Sind die kalkulierten Reparaturkosten höher als der Wiederbeschaffungsaufwand, ist eine Totalschadensabrechnung heranzuziehen. Die Rechtsprechung erkennt aber an, dass der Geschädigte sein ihm vertrautet Fahrzeug nicht gegen ein anderes austauschen möchte (Integritätsinteresse), so dass bei höheren kalkulierten Reparaturkosten als der Wiederbeschaffungsaufwand zu prüfen ist, ob der Geschädigte dennoch Schadensersatz auf der Basis der Reparaturkosten erhalten kann.

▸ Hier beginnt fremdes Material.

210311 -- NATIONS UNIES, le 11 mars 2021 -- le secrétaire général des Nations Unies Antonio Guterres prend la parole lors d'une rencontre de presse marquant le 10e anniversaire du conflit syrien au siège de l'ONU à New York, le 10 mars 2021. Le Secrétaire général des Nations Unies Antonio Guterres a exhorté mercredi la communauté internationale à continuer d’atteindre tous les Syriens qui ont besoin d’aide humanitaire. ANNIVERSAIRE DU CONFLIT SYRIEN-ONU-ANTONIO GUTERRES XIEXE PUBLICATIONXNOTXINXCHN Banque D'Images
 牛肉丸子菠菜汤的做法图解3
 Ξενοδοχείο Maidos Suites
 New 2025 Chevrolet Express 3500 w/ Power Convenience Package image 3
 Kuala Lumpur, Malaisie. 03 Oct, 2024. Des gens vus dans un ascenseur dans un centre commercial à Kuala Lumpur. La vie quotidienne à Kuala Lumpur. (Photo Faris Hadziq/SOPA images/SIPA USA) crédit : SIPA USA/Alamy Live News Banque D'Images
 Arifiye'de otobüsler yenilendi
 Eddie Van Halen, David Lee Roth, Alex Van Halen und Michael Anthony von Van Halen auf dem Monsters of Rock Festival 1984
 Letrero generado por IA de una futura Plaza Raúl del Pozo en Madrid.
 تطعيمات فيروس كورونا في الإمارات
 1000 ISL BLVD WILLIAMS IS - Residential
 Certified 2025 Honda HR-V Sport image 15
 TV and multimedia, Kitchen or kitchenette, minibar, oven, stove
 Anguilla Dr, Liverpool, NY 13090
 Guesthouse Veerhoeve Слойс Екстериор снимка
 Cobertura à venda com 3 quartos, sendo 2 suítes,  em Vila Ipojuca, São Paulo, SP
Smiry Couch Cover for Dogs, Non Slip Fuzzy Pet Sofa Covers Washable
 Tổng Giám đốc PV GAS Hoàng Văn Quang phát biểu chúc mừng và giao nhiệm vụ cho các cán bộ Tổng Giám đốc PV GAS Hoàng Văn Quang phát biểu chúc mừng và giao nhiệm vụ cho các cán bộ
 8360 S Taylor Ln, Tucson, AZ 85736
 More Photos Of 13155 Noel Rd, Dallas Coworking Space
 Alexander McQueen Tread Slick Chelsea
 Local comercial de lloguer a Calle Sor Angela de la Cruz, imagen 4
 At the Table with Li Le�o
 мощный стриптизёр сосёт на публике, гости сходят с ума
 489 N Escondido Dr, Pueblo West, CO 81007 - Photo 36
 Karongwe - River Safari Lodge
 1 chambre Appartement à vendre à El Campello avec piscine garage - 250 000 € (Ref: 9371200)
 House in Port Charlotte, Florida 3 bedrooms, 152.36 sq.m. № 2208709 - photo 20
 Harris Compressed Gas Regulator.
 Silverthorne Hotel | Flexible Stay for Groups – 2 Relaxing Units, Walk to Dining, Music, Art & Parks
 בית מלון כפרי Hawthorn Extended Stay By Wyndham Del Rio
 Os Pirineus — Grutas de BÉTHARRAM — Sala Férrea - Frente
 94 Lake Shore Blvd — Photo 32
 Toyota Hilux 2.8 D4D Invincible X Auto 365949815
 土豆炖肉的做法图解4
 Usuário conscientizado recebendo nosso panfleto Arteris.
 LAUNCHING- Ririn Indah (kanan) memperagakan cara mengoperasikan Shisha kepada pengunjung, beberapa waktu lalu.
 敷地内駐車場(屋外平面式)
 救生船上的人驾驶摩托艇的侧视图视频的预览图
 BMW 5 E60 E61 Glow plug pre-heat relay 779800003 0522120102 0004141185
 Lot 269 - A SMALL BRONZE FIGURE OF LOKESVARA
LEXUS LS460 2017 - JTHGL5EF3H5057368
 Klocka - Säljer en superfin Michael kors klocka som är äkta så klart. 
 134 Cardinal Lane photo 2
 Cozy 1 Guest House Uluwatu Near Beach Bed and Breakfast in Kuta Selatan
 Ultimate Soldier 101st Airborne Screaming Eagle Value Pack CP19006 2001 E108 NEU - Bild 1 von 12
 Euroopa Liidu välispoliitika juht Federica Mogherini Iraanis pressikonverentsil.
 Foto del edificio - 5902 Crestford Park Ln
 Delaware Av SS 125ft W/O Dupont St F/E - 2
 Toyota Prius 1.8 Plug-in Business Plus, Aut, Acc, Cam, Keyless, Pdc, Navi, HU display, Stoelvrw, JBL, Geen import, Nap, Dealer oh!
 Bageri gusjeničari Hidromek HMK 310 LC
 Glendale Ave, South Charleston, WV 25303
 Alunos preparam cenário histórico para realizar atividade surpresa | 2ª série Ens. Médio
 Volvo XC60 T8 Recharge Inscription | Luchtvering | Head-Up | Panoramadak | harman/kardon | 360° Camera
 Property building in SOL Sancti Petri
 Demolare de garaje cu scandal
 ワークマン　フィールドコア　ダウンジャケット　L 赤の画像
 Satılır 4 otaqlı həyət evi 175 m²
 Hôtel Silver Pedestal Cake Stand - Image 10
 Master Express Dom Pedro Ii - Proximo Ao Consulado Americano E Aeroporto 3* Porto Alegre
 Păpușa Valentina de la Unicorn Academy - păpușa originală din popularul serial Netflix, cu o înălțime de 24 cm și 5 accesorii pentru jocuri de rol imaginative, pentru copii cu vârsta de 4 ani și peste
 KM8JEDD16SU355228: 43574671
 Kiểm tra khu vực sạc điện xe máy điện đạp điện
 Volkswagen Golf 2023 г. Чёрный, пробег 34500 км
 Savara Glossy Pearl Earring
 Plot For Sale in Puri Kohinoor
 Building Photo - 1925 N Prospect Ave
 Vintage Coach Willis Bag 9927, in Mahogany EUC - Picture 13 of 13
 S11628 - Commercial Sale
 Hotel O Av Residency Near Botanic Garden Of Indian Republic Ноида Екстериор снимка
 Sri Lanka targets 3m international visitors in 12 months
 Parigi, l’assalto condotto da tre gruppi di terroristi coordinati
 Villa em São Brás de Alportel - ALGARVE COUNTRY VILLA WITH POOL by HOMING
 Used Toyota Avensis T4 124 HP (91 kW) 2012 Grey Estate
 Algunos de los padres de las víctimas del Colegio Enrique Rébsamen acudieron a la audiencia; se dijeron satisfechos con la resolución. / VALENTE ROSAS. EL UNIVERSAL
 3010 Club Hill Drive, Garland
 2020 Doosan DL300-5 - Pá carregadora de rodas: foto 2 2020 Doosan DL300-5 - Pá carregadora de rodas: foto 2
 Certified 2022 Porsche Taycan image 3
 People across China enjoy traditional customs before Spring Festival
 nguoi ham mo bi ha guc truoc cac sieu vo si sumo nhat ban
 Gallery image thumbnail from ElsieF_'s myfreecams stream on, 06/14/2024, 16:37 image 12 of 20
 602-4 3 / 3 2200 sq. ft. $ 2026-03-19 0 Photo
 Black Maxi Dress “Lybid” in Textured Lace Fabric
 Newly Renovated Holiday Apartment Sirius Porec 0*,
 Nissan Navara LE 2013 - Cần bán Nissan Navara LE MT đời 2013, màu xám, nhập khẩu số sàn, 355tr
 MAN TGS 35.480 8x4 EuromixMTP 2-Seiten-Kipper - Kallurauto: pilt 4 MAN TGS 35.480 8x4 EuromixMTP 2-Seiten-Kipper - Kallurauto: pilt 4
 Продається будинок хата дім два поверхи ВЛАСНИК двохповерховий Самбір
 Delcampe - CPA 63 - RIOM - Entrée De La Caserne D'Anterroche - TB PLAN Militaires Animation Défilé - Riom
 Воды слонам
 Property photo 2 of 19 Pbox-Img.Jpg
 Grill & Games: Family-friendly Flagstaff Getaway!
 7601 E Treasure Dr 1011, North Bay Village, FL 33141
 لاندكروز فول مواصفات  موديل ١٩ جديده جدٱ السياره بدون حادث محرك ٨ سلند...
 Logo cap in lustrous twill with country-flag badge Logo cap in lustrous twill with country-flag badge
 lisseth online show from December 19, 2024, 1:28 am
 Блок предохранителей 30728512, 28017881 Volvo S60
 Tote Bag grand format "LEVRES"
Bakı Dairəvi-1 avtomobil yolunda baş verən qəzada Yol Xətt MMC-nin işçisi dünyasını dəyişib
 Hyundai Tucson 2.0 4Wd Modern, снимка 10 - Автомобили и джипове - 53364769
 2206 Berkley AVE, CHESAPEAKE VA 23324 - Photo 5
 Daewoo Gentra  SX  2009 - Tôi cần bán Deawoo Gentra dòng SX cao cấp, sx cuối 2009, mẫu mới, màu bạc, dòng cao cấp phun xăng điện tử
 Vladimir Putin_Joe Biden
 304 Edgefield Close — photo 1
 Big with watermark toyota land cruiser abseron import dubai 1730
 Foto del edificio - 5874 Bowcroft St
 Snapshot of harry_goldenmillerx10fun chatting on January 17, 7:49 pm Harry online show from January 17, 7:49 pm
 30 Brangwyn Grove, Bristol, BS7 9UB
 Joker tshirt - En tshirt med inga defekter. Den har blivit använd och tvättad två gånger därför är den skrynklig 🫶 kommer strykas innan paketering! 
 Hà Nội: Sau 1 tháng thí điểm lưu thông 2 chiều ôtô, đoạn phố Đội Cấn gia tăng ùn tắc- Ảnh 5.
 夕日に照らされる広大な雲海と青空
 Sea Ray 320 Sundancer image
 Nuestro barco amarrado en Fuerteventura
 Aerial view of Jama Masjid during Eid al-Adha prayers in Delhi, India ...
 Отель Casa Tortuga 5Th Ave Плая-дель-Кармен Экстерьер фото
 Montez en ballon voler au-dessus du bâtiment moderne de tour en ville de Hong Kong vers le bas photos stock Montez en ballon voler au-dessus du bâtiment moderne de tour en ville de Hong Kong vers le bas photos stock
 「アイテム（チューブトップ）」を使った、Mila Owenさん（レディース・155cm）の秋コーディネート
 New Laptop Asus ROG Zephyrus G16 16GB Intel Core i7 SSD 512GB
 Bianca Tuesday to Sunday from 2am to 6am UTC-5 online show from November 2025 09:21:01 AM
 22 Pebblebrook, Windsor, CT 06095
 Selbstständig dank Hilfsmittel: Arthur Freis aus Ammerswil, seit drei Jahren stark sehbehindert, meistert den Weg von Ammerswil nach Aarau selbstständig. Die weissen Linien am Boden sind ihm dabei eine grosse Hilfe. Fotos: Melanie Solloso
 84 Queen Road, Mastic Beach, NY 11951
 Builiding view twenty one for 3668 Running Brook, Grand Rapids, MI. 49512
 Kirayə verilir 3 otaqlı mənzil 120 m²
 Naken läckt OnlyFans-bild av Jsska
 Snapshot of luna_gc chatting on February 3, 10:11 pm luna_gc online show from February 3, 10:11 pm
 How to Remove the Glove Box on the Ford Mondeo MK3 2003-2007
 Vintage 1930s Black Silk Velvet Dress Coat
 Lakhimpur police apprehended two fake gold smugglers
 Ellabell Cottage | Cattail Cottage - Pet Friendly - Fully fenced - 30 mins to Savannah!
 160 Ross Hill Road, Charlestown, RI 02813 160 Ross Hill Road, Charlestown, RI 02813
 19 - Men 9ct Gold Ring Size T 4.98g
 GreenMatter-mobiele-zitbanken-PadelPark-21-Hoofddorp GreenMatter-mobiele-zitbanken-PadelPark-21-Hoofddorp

Es werden drei Konstellationen unterschieden:

  1. Die kalkulierten Reparaturkosten sind geringer als der Wiederbeschaffungswert
    In diesem Fall steht dem Geschädigten der kalkulierte Wiederbeschaffungsaufwand zu. Nutzt der Geschädigte das beschädigte Fahrzeug (gegebenenfalls nach einer Notreparatur) weiterhin und weist er nach, dass er das Fahrzeug nach dem Unfall noch sechs Monate lang genutzt hat, so kann er auf der Basis der kalkulierten Reparaturkosten abrechnen, d.h. er kann den Differenzbetrag verlangen, um den die kalkulierten Reparaturkosten den Wiederbeschaffungsaufwand übersteigen. Wird das Fahrzeug fachgerecht repariert, kann der Geschädigte eine Abrechnung auf Basis der Reparaturkosten verlangen ohne die sechsmonatige Wartefrist einhalten zu müssen, soweit er beabsichtigt, das reparierte Fahrzeug noch mindestens sechs Monate weiter zu nutzen. Wenn der Geschädigte das Fahrzeug verkauft, erhält er den Wiederbeschaffungsaufwand, falls dieser geringer ist als die kalkulierten Reparaturkosten.
  1. Die kalkulierten Reparaturkosten sind höher als der Wiederbeschaffungswert, aber um nicht mehr als 130 Prozent
    Wenn der Geschädigte das Fahrzeug weiterhin nutzt und keine oder nur eine Teil- oder Billigreparatur durchführt, erhält er den Wiederbeschaffungsaufwand. Auf eine Weiternutzung des Fahrzeugs kommt es in diesem Fall nicht an. Weist der Geschädigte eine fachgerechte Reparatur des Fahrzeugs nach und hat er die Reparaturkosten einer Fachwerkstatt beglichen, so kann er sofort die Erstattung der verauslagten Reparaturkosten verlangen. Er muss also nicht zunächst durch eine sechsmonatige Weiternutzung des Fahrzeugs sein Integritätsinteresse nachweisen. Bei einem Verkauf des Fahrzeugs spielt das Integritätsinteresse keine Rolle. Der Geschädigte kann also auch hier nach der für ihn günstigsten Abrechnungsmethode abrechnen. Das ist hier der Wiederbeschaffungsaufwand.
  1. Die kalkulierten Reparaturkosten sind höher als 130 Prozent des Wiederbeschaffungswertes
    Sind die kalkulierten Reparaturkosten höher als 130 Prozent des Wiederbeschaffungswertes, wird auf Totalschadensbasis abgerechnet. Anderes kann jedoch gelten, wenn der Geschädigte eine Möglichkeit nachweist, eine fachgerechte Reparatur zu einem Preis zu erhalten, der noch innerhalb der 130-Prozent-Grenze liegt und diese fachgerechte Reparatur auch tatsächlich durchgeführt hat.

 

Fazit

Der Geschädigte ist nicht verpflichtet, sich stets auf eine Totalschadensabrechnung einzulassen, nur weil diese für den Gegner günstiger ist als der Ersatz der kalkulierten Reparaturkosten.